Soft or Slender : mechanics of Nature-inspired, highly deformable bodies
« La chétive pécore, s’enfla si bien qu’elle creva ». « Je plie, et ne romps pas ». While taking inspiration from the living, La Fontaine noticed examples of organisms – frog and reed – that deform strongly, sometimes beyond unrecoverable limits.
Spectacular changes in shapes may emerge either because materials are soft enough to undergo large deformations (gels, elastomers, living tissues…) or because the structures are slender enough to allow for large displacements (filaments, membranes…). Both situations are ubiquitous among living organisms, from tendons, muscles and arterial membranes, to the pads of the gecko lizard and elongated tree branches.

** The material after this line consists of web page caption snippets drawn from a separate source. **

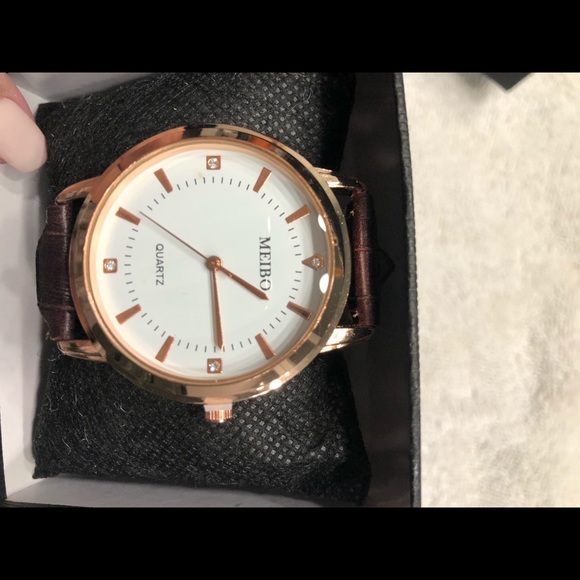 Meibo Watch with leather straps - Picture 3 of 7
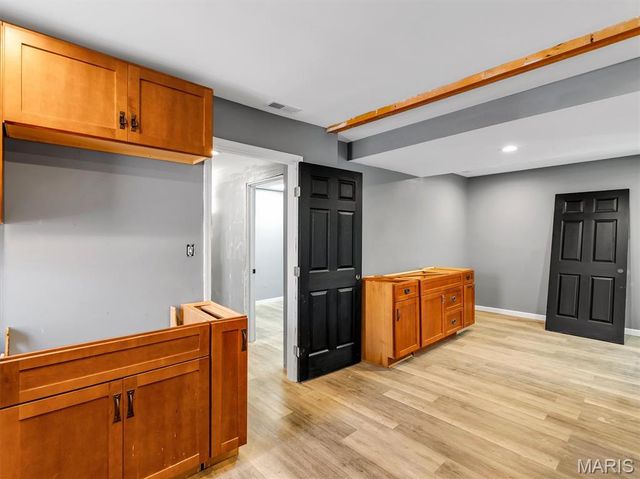 8808 Saint Charles Rock Road Road, St Louis, MO 63114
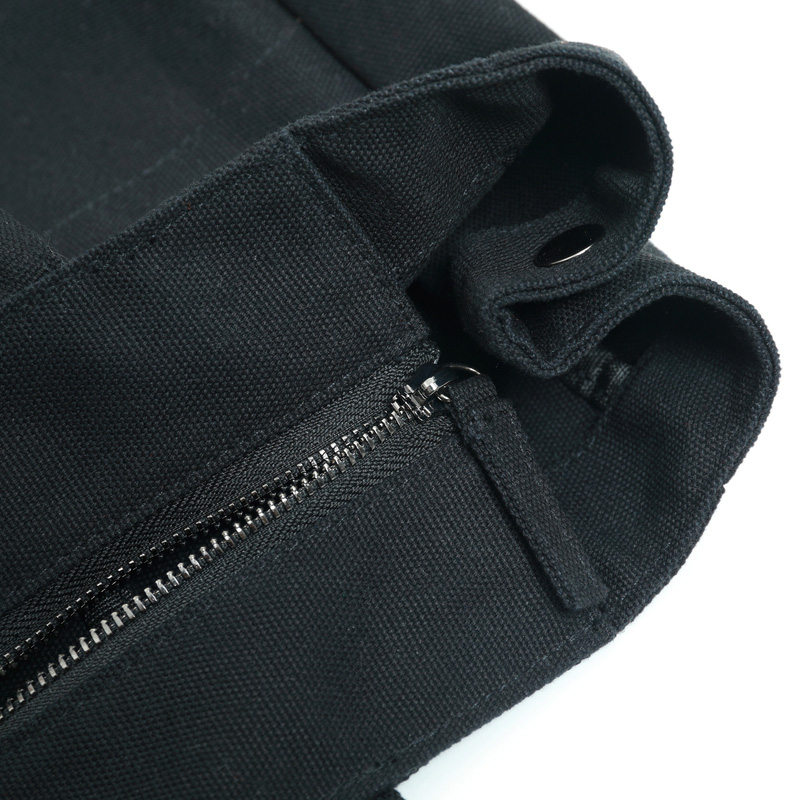 带底部和侧边黑色帆布包-03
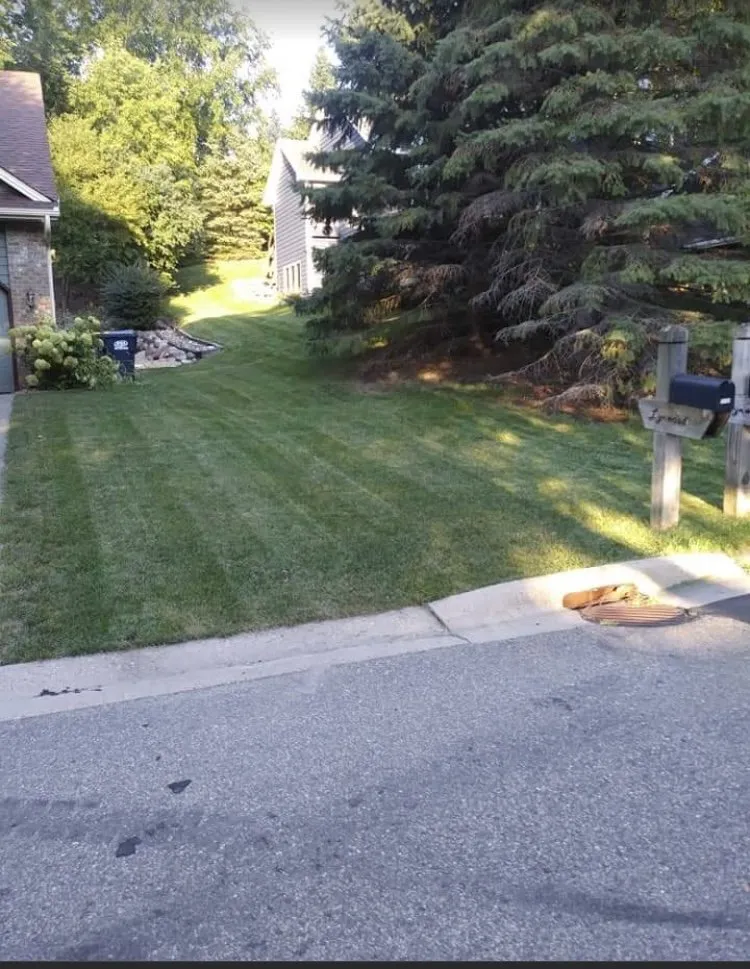 Local garden landscaping in Minneapolis, MN by Dreamer’s Lawn Service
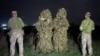 Fotografie publicată de grănicerii ucraineni cu doi bărbați reținuți în regiunea Odesa, în timp ce încercau să treacă ilegal frontiera ucraineano-moldoveană pe segmentul transnistrean, deghizați în costume de camuflaj.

Starting from the basics of elasticity, we will put emphasis on the relevant length and time scales specific to soft matter. Using examples primarily inspired from Nature, we will illustrate the relationship between some ingenious textures and structures and their mechanical performances. Our journey will confront us with those phenomena (adhesion, friction, fracture, shape conformation and morphology changes) living bodies have managed to deal with in order to perform their fundamental tasks (locomotion, nutrition, reproduction…).
When softness matter
Lecture 1: Be wise, linearize! [Basics of small derformation elasticity]

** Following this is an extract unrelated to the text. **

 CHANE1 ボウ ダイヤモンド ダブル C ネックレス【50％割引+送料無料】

Lecture 2: Go Non-linear [Specificity of finite strain Elasticity, Instabilities]
When slenderness matters
Lecture 3: The shape of elastic lines [Equilibrium of rods, Euler's elastica]
LEcture 4: How rods fails [Buckling instability]
When time matters
Lecture 5: Solids that flow and ooze [Basics of visco- and poro-elasticity]
When ripples matter
Lecture 6: Plates and wrinkling [Mechanics of plates, bending versus stretching, wrinkling instability]
When Surfaces matter
Lecture 7: Sticky stuff [Basics of Adhesion]
Lecture 8: Why things hold ? How things break ? [Fracture Mechanics of Soft Solids]
When shape matters
Lecture 9: Challenging Gauss [Basics of shape-morphing]
No prerequisites. The course will start from basics of the theory of elasticity.
The grades will be based on two components :
1/3 will be based on the oral presentation of a kitchen experiment by pairs of students.
2/3 will be on a written exam based on one or two research articles.